Does Not Play Well with Arbitrary Contained Types
In an earlier post I stated the desire to make the TrieNode parametric.  I have made it parameteric.  See the type parameter 'a' in the data declaration below.

data NodeType = Top|Word|NonWord 
                deriving (Show,Eq)
data TrieNode a = TrieNode { wordFragment :: [a], 
                             children :: (Map.Map a (TrieNode a)), 
                             nodeType:: NodeType }  deriving (Show,Eq)

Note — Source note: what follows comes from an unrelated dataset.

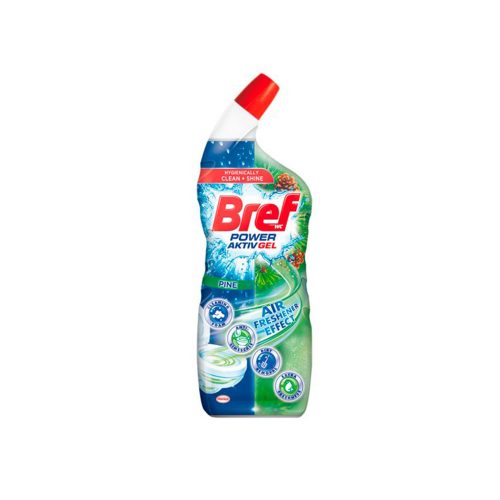 Bref toilet cleaning gel Pine - 700 ml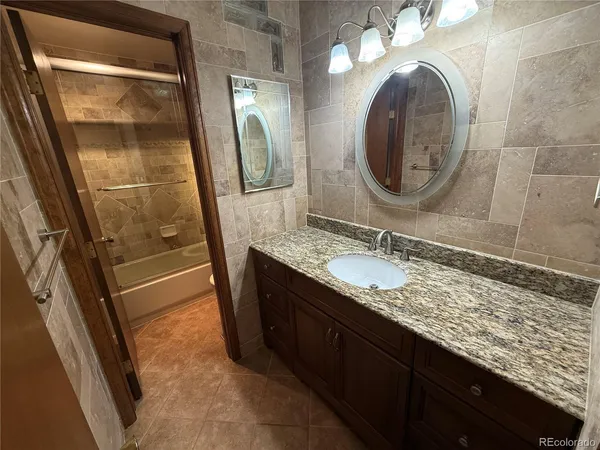 en view interior of the house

However when writing the code for generating the Dot, it became clear to me that unless I added type constraints ( Show a => ) to my data declaration, then I could not guarantee that my generating functions could render to Dot.  I enforced this by explicitly declaring the type for the main function for rendering.

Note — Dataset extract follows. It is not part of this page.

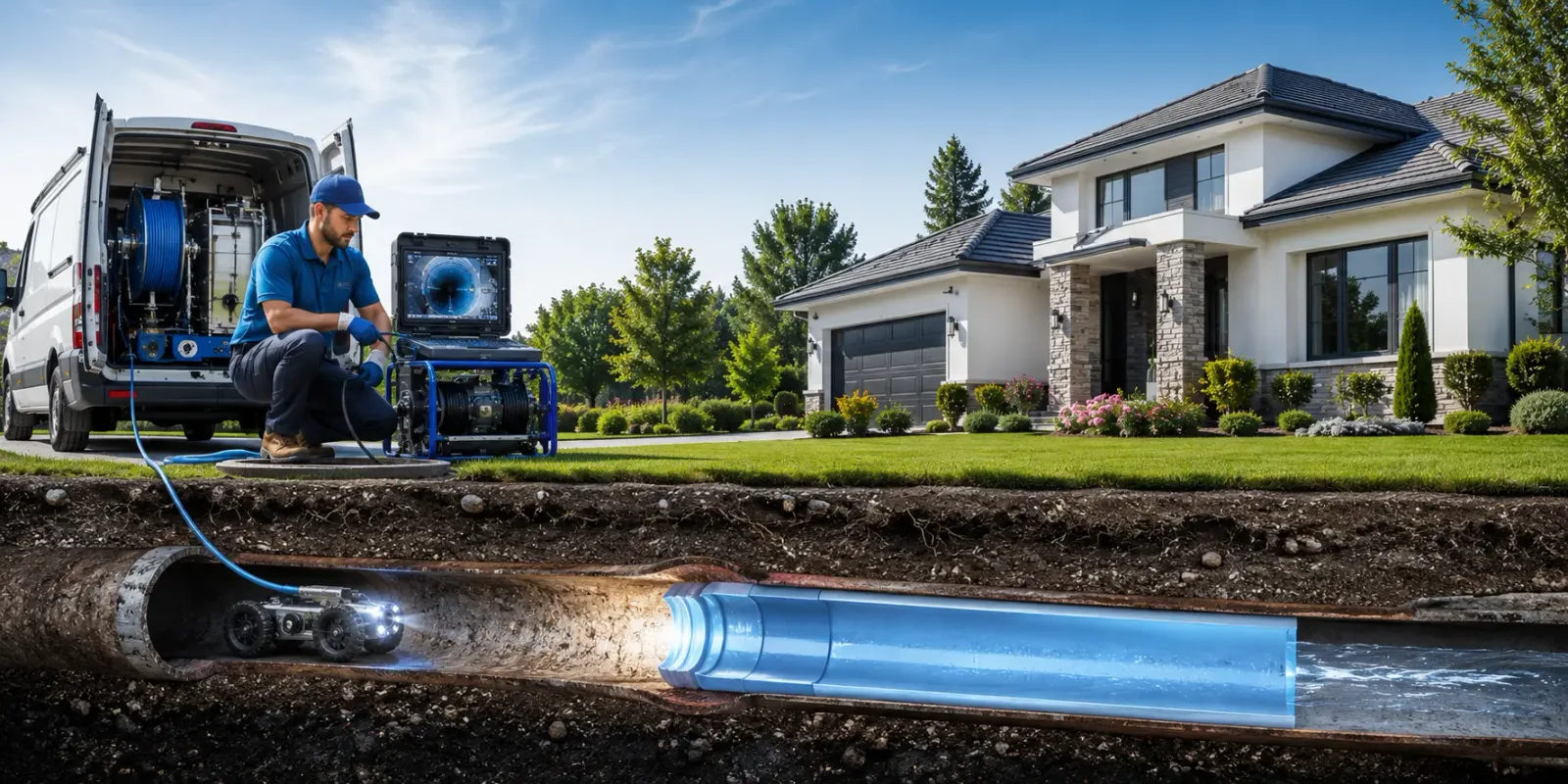 Pipe Relining information for Golden, CO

generateDot :: TrieNode Char -> String -> [Dot]

This is something I plan on revisiting as it is possible to render the 'structure' but auto-generate the labels. Gotta think about that.

Probably Not Efficient
Yup. I am generating an array of Dot data types from a recursive operation.  More efficiently I should have had an accumulator that enters each sub-frame of the call-stack.  I am not sure I am inefficient.  I just suspect it.  The main function is (the where clause is left off):

generateDot nodeDatum path = myDotNode : myPaths ++ myChildrensDots

which just looks like it might not be TCO, what with the concatenation operations and myChildrensDots representing the results of the recursive calls.  On the other hand I am not sure I understand enough of Haskell's laziness to say whether this is really that that bad.

New Wrapper Data Type
Originally I had written this code as a series of string concatenation operations as I traversed the tree.  This grew ugly.  I introduced the Dot data structure with its two data constructors DotNode and DotPath to capture everything I need (for my cases) in a single Dot output line.  The process of rendering these data structure as strings is left for the overridden show instance and for a series of cool chained list functions:

generateDotPretty tree = L.intercalate "\n" $ map show  $ generateDot tree "_"

Luckily the Dot language is declarative and requires very little sequencing guarantees (i.e. you can put these commands in whatever order).